→ Problem to work on:
This task calls for the lines below starting at the one containing "Morning Sky en" and ending at the one containing "Vapor Canister Purge", repeated exactly with both ends kept and pictures left out.

→ Provided records:
______
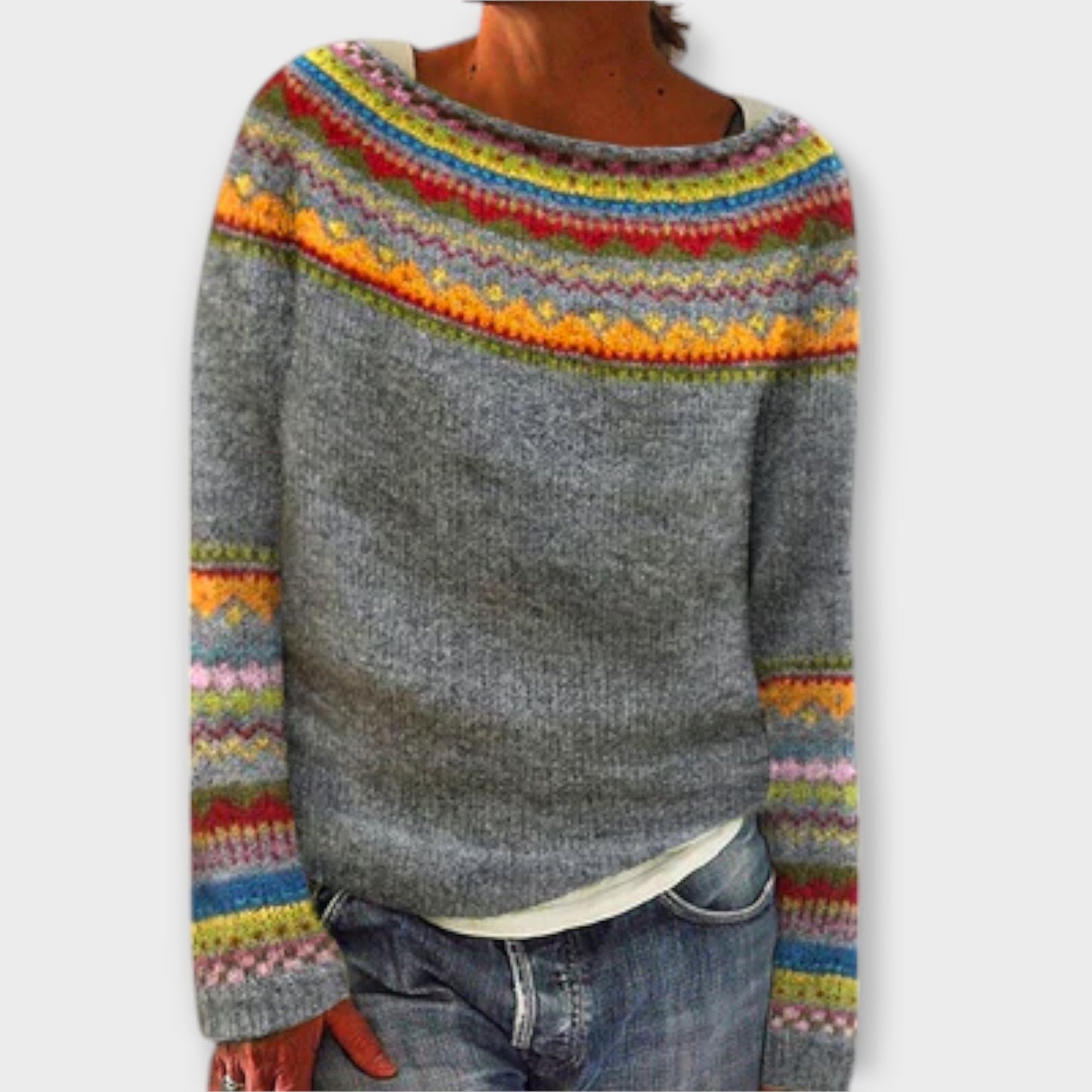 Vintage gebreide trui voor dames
______
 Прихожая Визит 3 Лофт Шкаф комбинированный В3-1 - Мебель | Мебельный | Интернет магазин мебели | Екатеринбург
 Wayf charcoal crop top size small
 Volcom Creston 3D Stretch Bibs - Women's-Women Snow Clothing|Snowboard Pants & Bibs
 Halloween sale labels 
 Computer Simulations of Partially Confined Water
______
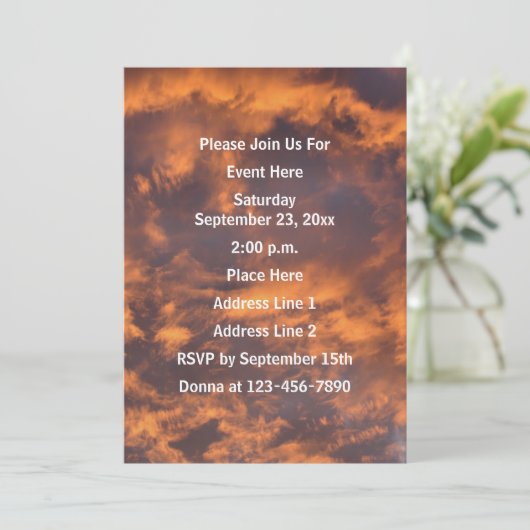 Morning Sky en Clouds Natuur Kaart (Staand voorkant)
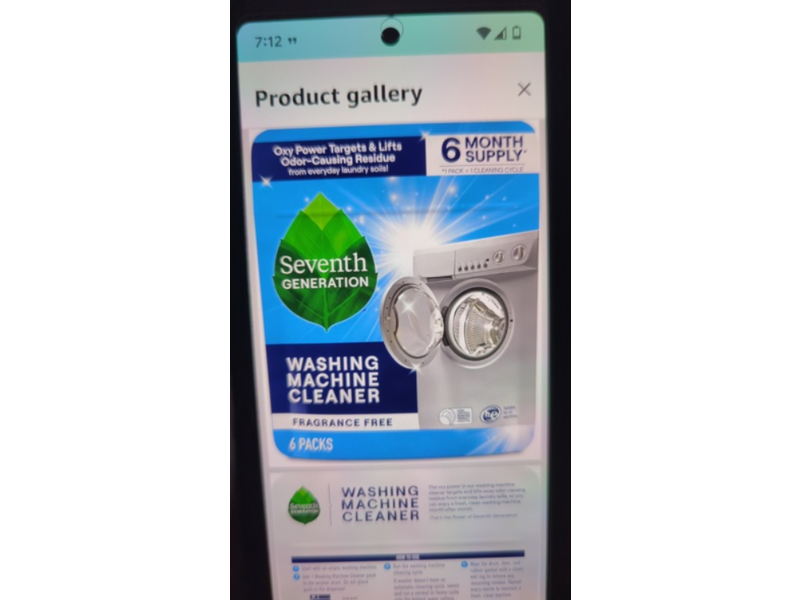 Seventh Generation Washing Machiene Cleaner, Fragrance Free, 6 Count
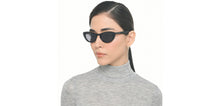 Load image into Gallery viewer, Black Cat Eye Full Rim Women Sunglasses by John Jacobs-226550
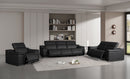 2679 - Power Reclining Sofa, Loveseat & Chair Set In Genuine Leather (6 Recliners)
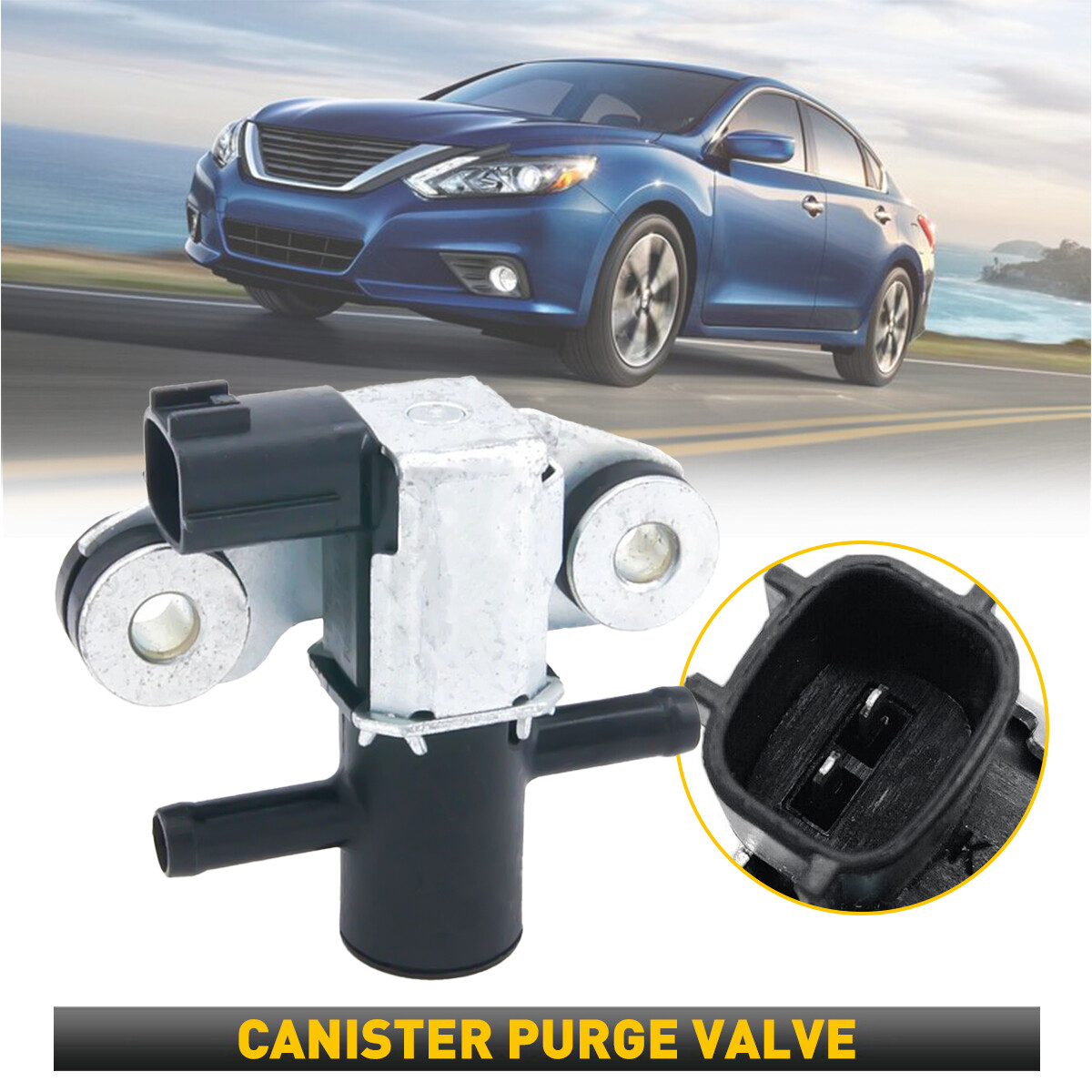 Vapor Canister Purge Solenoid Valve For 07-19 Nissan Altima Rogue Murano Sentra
______
→ Result of the exercise:
 Morning Sky en Clouds Natuur Kaart (Staand voorkant)
 Seventh Generation Washing Machiene Cleaner, Fragrance Free, 6 Count
 Load image into Gallery viewer, Black Cat Eye Full Rim Women Sunglasses by John Jacobs-226550
 2679 - Power Reclining Sofa, Loveseat & Chair Set In Genuine Leather (6 Recliners)
 Vapor Canister Purge Solenoid Valve For 07-19 Nissan Altima Rogue Murano Sentra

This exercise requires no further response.